* Work item
With images excluded, write out each entry below exactly as given.
Task inputs below:
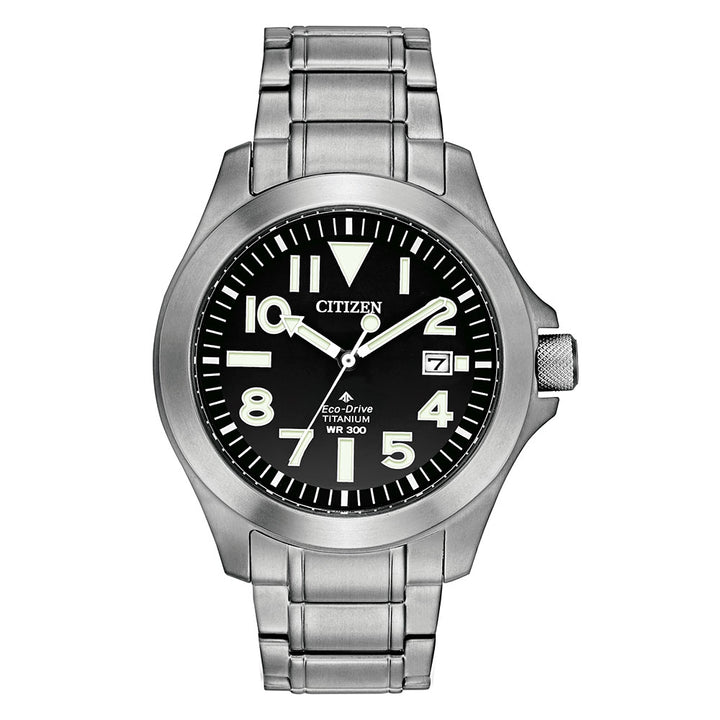 Citizen Eco-Drive Titanium Watch BN0118-55E - Michael Jones Jeweller
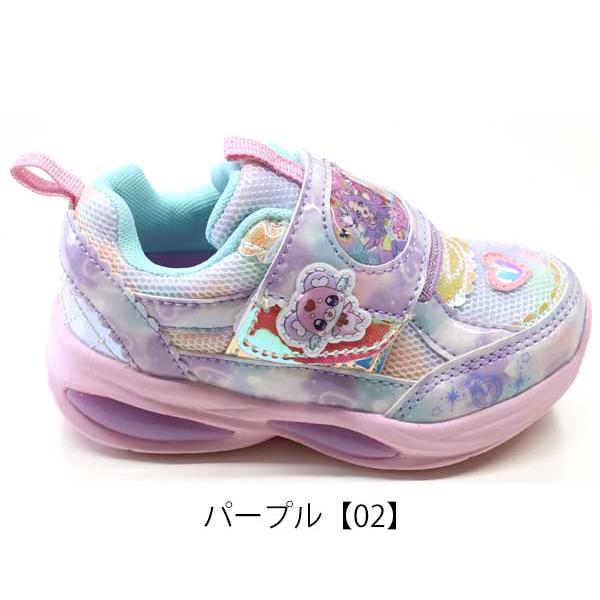 光る靴 名探偵プリキュア！ プリキュア 靴 キッズシューズ 子供靴 キッズスニーカー 女の子 3709 |  | 05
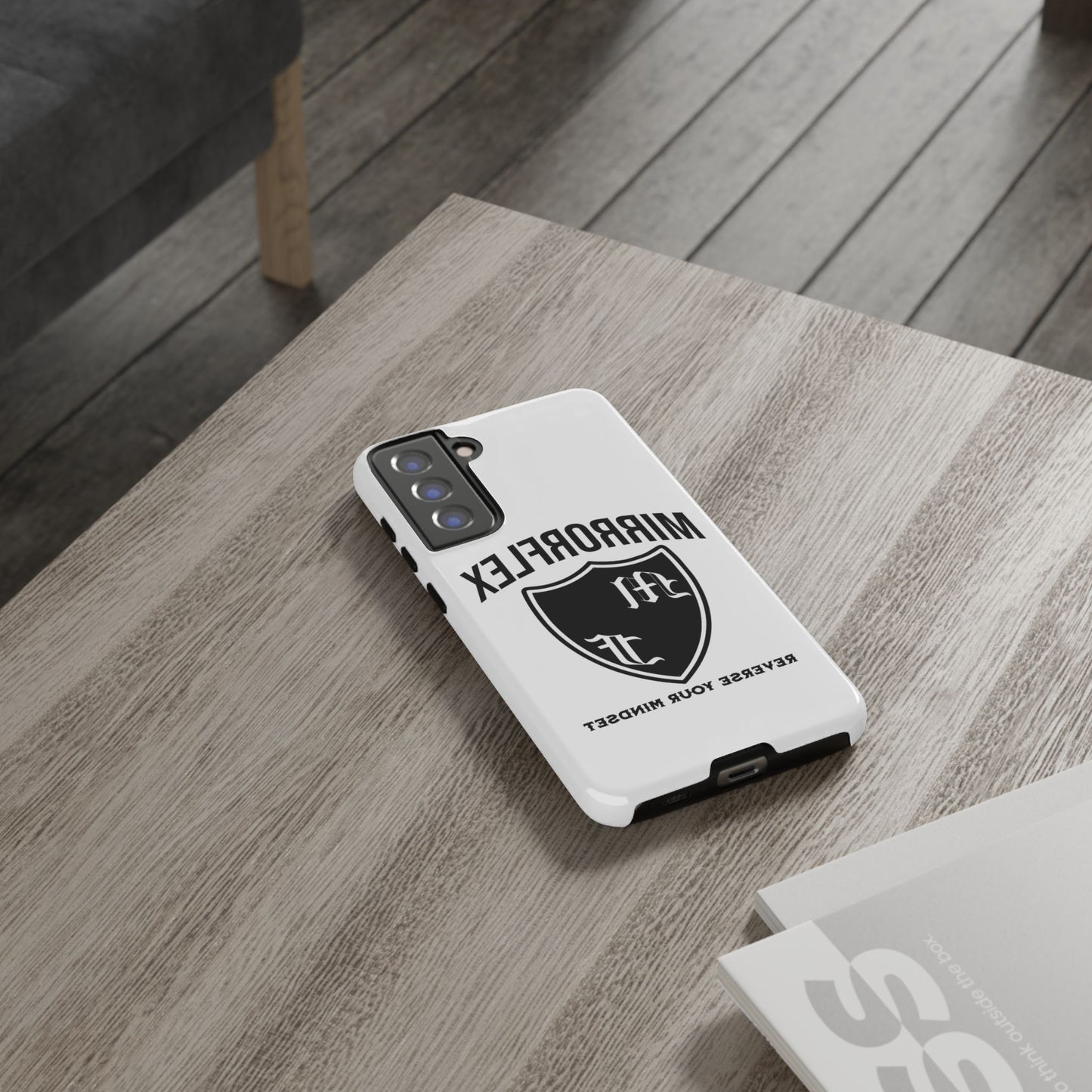Inspirational Tough Phone Case - "Reverses Your Mindset"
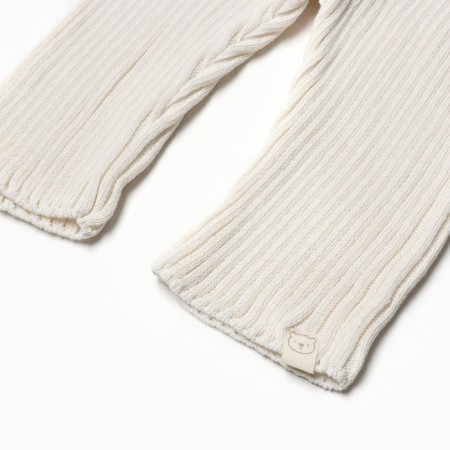 Knitted Kroshka I, r.68-74, milk-3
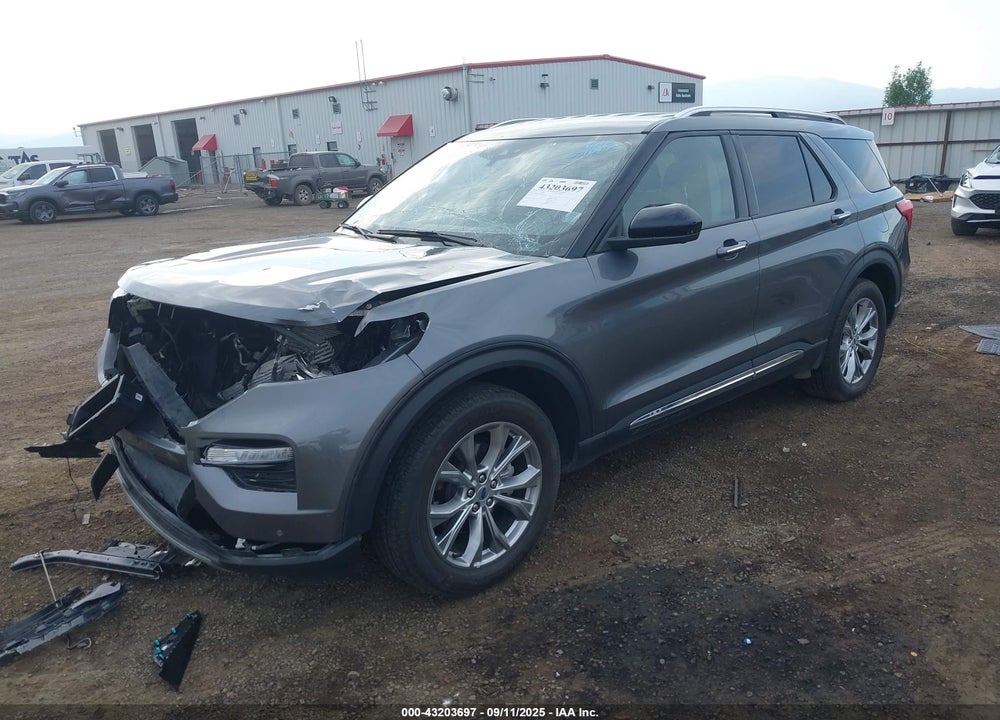 2022 FORD EXPLORER VIN: 1FMSK8FH0NGB06571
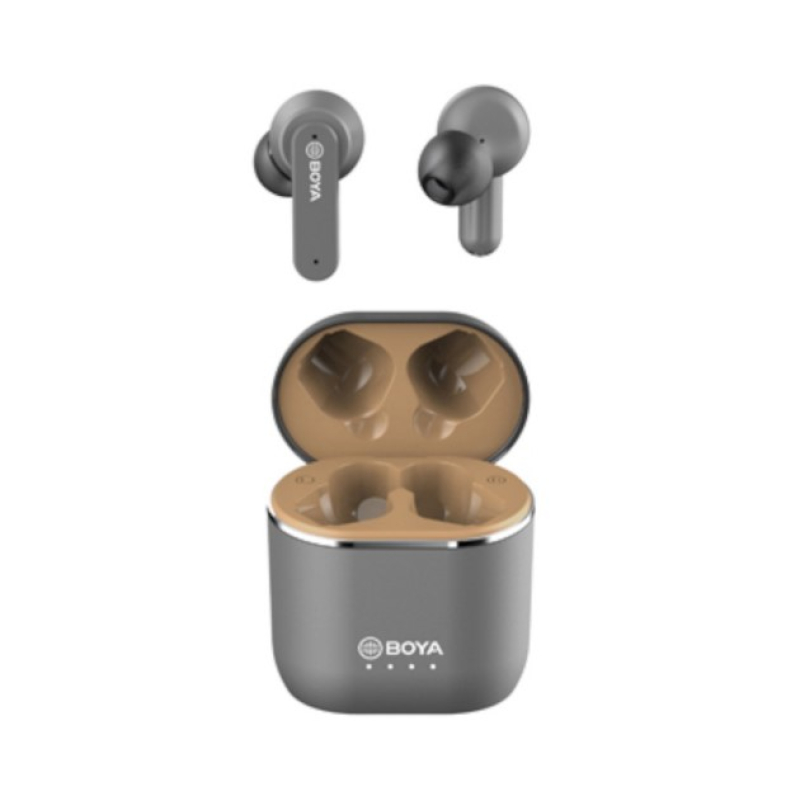 Boya BY-AP4 True Wireless Stereo Earphones Gray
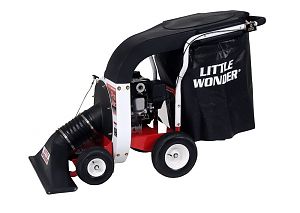 Walk behind Leaf and Rubbish Vacuum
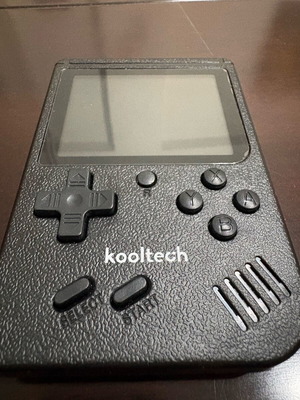 Kooltech Mini Game Boy Retro Game Console with 400 Built-in Games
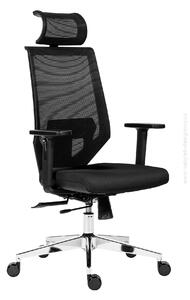 ANTARES - Z90209010 - EDGE SEDAK CERNA MESH CERNA, Čierna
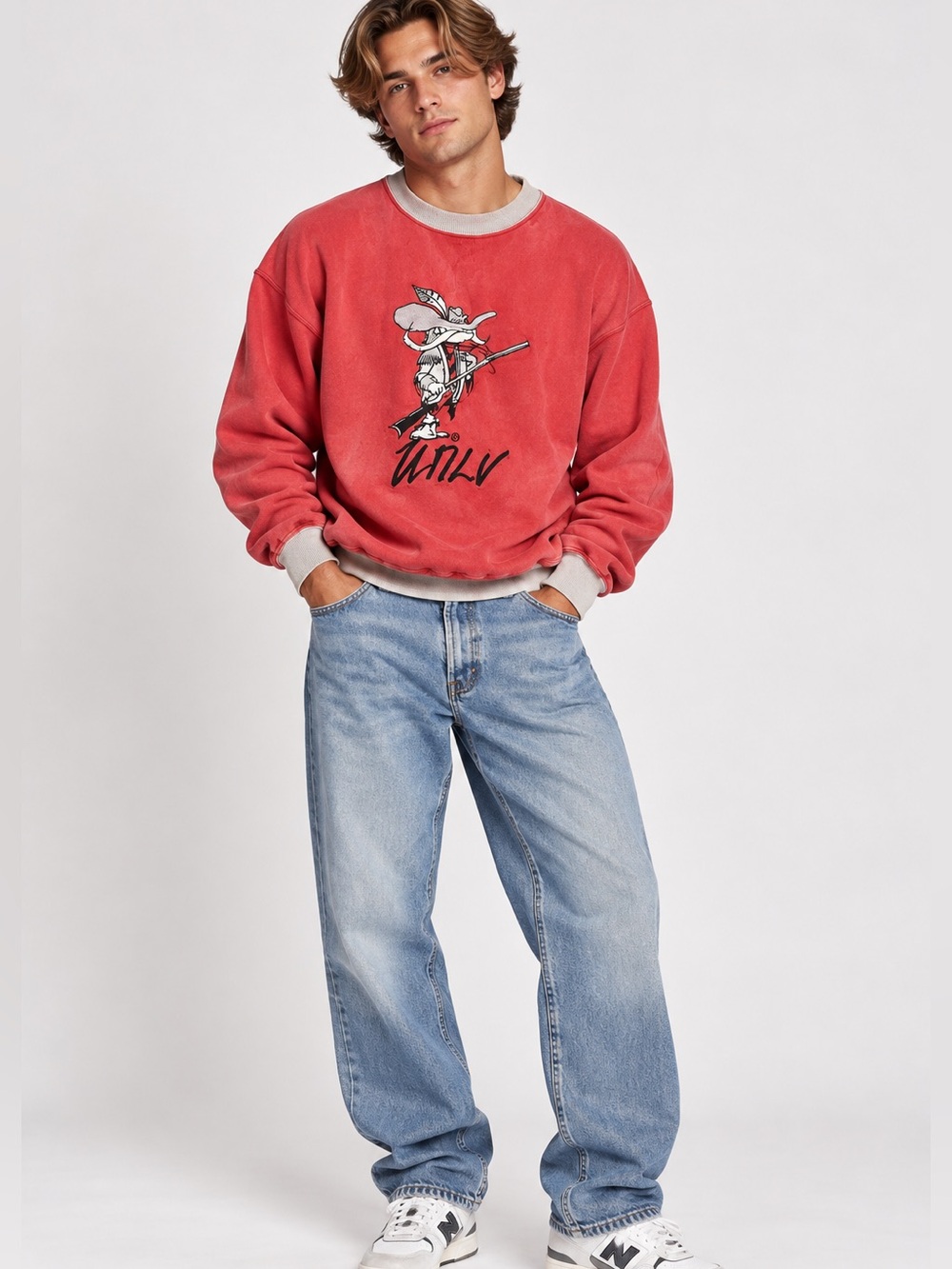 Vintage UNLV rebels crewneck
End of Task inputs.
* Reply
 Citizen Eco-Drive Titanium Watch BN0118-55E - Michael Jones Jeweller
 光る靴 名探偵プリキュア！ プリキュア 靴 キッズシューズ 子供靴 キッズスニーカー 女の子 3709 |  | 05
Inspirational Tough Phone Case - "Reverses Your Mindset"
 Knitted Kroshka I, r.68-74, milk-3
 2022 FORD EXPLORER VIN: 1FMSK8FH0NGB06571
 Boya BY-AP4 True Wireless Stereo Earphones Gray
 Walk behind Leaf and Rubbish Vacuum
 Kooltech Mini Game Boy Retro Game Console with 400 Built-in Games
 ANTARES - Z90209010 - EDGE SEDAK CERNA MESH CERNA, Čierna
 Vintage UNLV rebels crewneck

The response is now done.